··· PROVIDED DATA ···

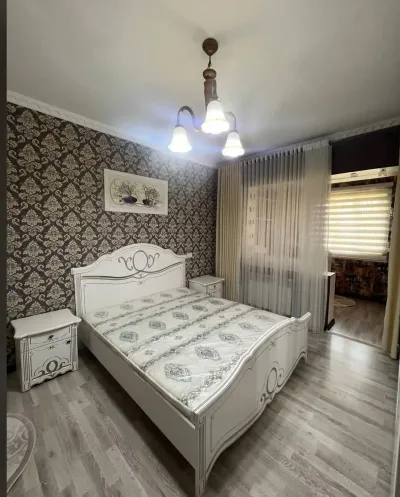 2-комн. квартира, 4 этаж, 60м², сино
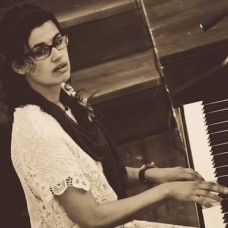Miriam Teixeira - Aulas de Música - Leiria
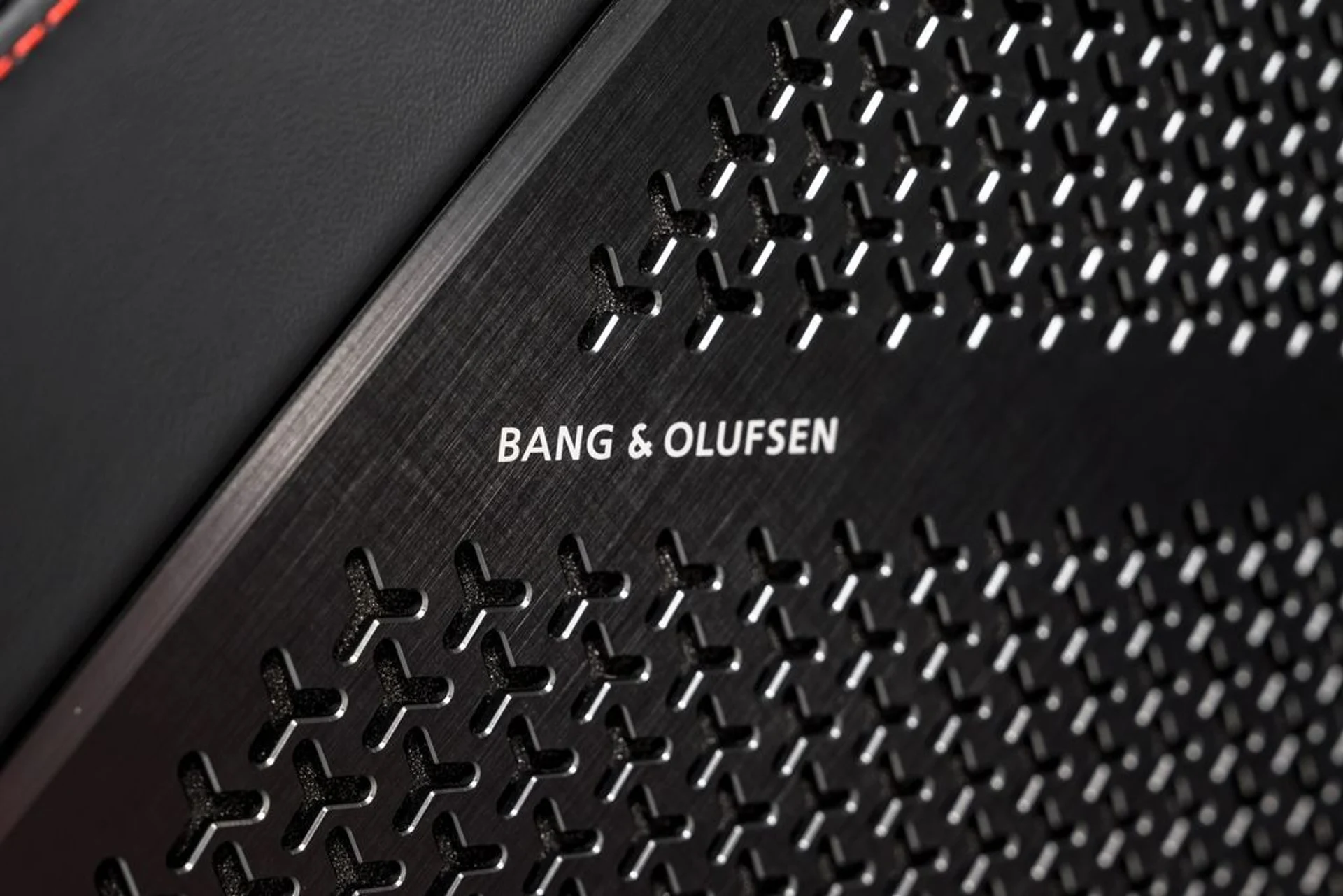 mph010_2055123069_ec9af5c819e07870ef473963e2afcdb1x_41d025181a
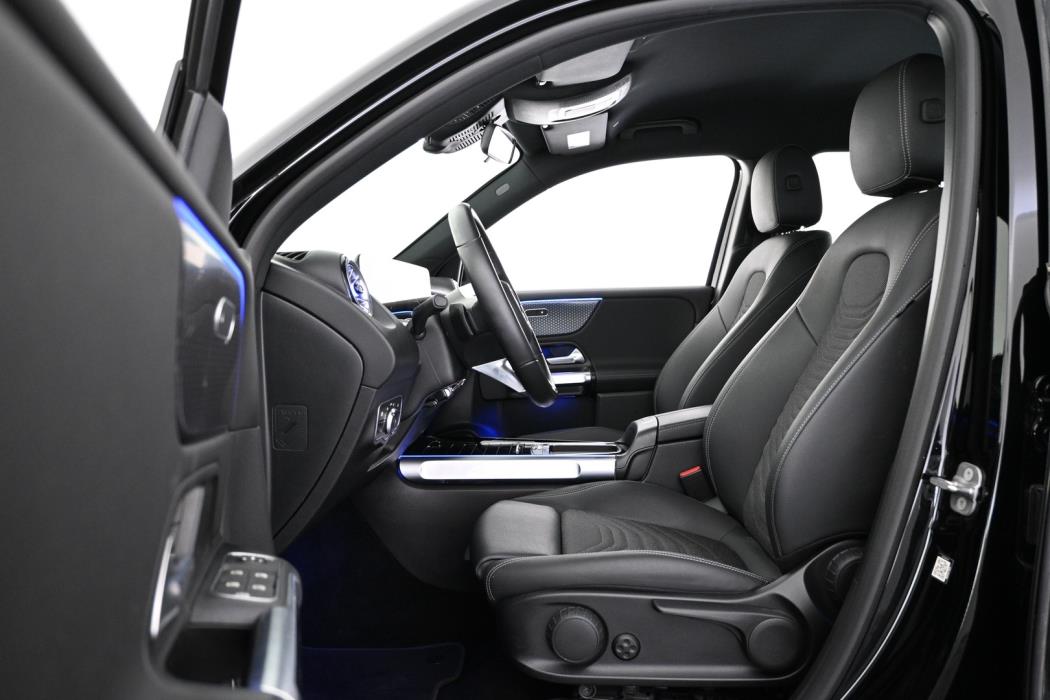 MERCEDES-BENZ EQB 2025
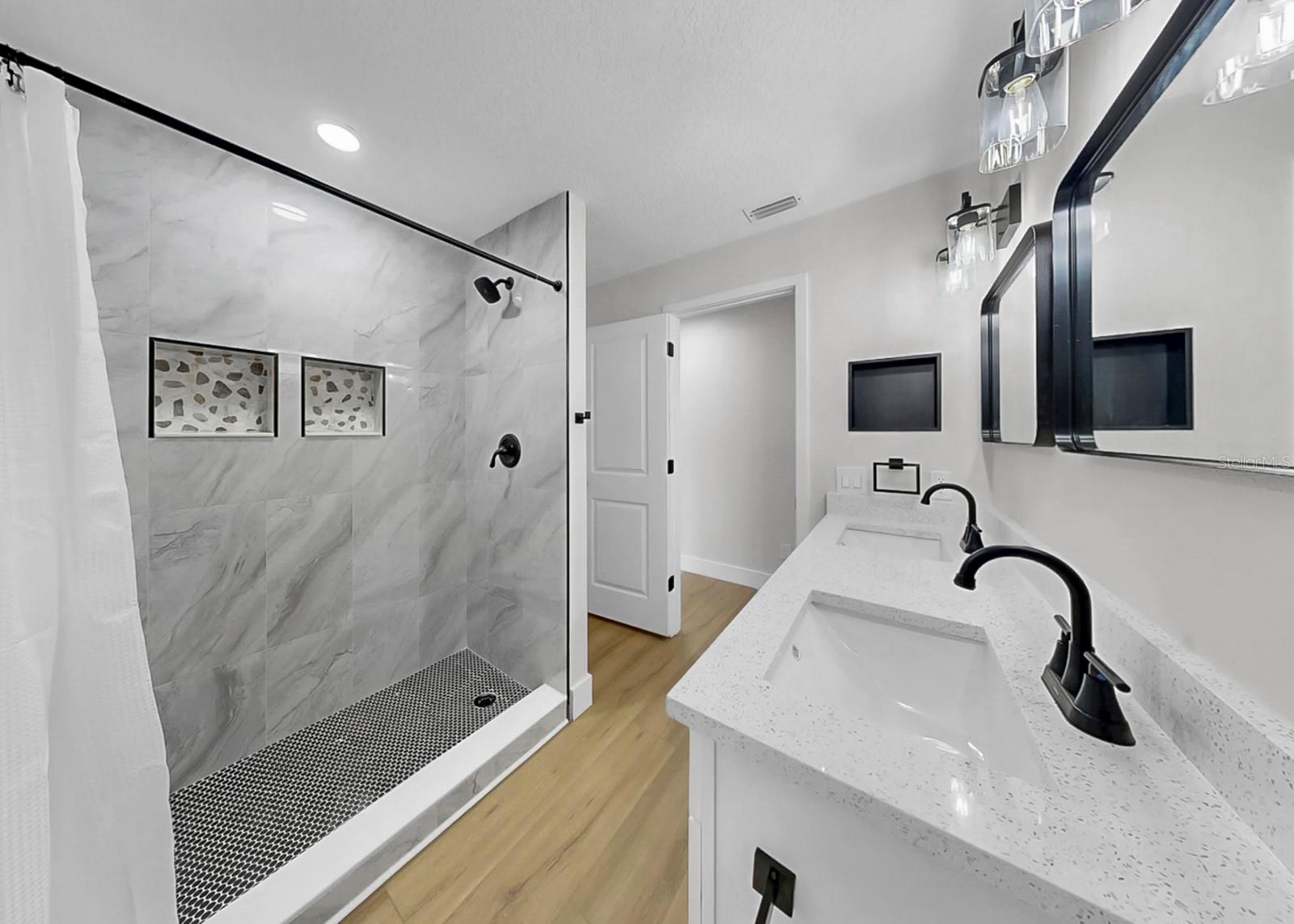 Image 30 of 38 For 6515 Santiago Court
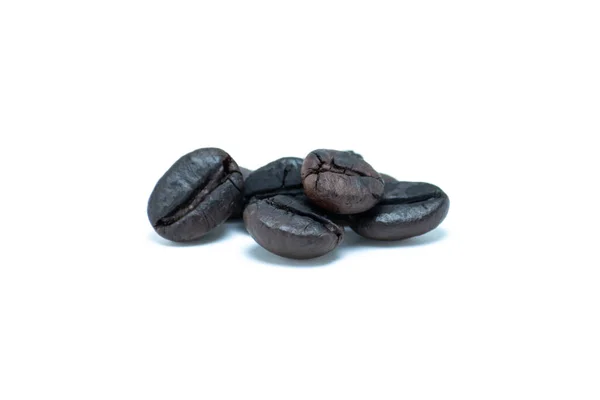 Σκούρα Καβουρντισμένα Φασόλια Καφέ Αραβικά Λευκό Φόντο — Φωτογραφία Αρχείου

···

EXERCISE BRIEF
Retype only the lines that run from the first line of the entries above to the line containing "Image 30 of 38 For 6515 Santiago Court", both included. Do not carry over any pictures.

WORKED SOLUTION
 2-комн. квартира, 4 этаж, 60м², сино
Miriam Teixeira - Aulas de Música - Leiria
 mph010_2055123069_ec9af5c819e07870ef473963e2afcdb1x_41d025181a
 MERCEDES-BENZ EQB 2025
 Image 30 of 38 For 6515 Santiago Court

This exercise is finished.